#### ACTIVITY:
Here the job is to copy the data exactly and to exclude every image from it.

#### DATA BLOCK:
^^^^^^^^^^^^^^^^
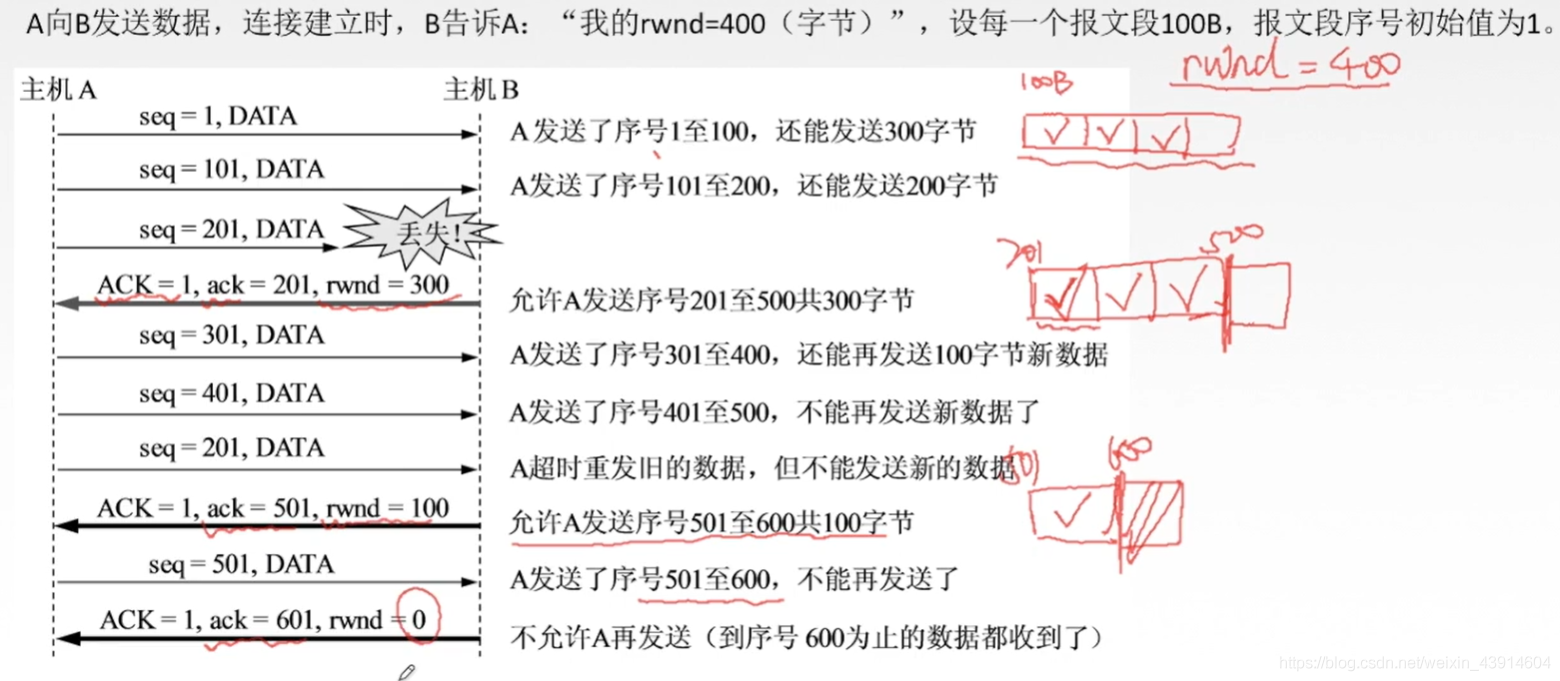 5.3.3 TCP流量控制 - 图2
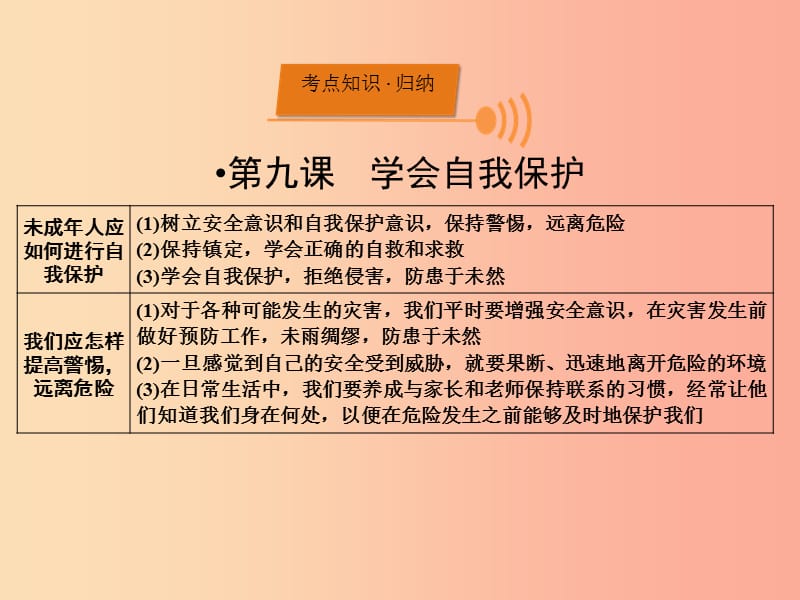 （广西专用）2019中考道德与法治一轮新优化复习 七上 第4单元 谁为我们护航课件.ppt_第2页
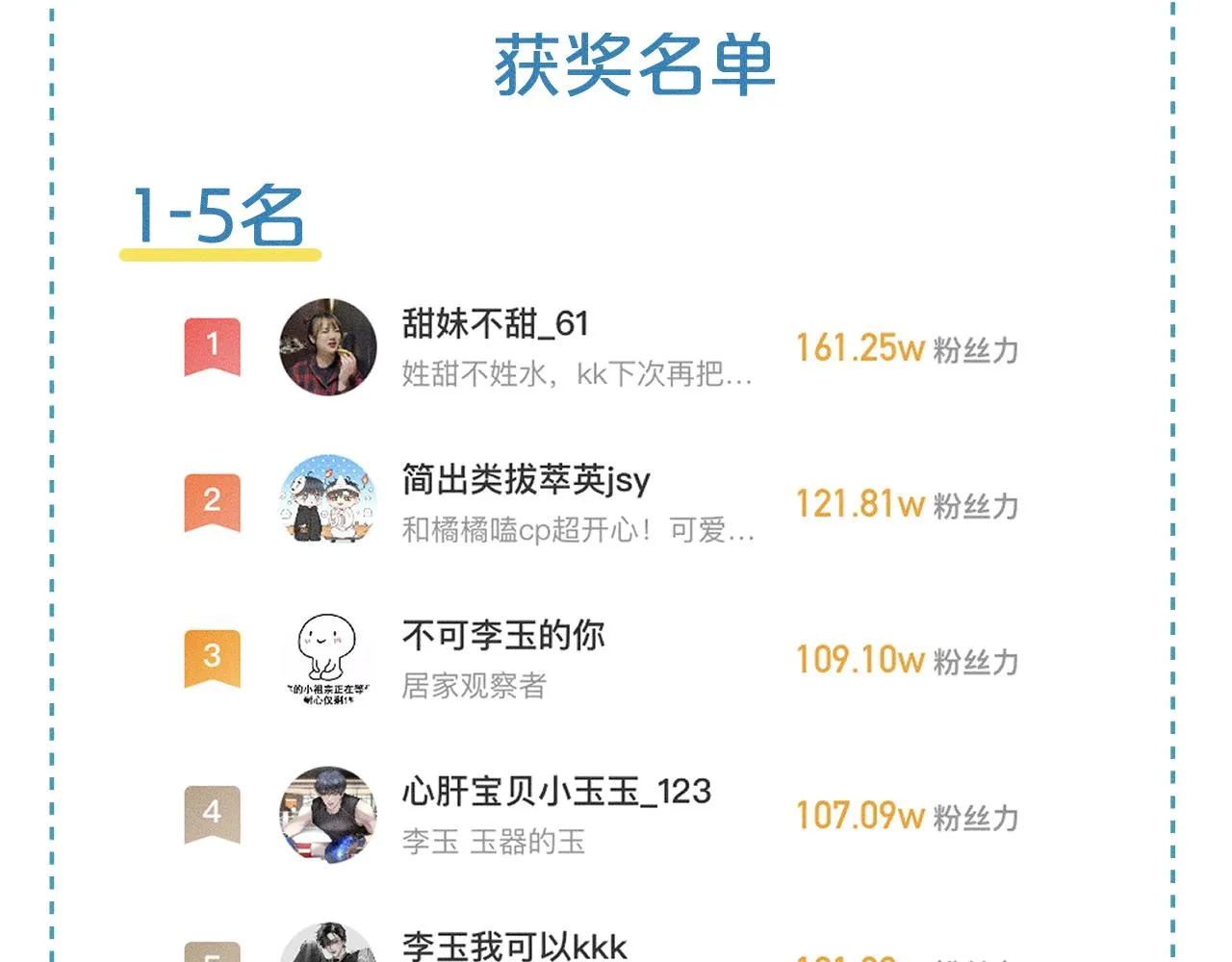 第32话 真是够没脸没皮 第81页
^^^^^^^^^^^^^^^^
#### OUTPUT FOR THIS EXERCISE:
 5.3.3 TCP流量控制 - 图2
 （广西专用）2019中考道德与法治一轮新优化复习 七上 第4单元 谁为我们护航课件.ppt_第2页
 第32话 真是够没脸没皮 第81页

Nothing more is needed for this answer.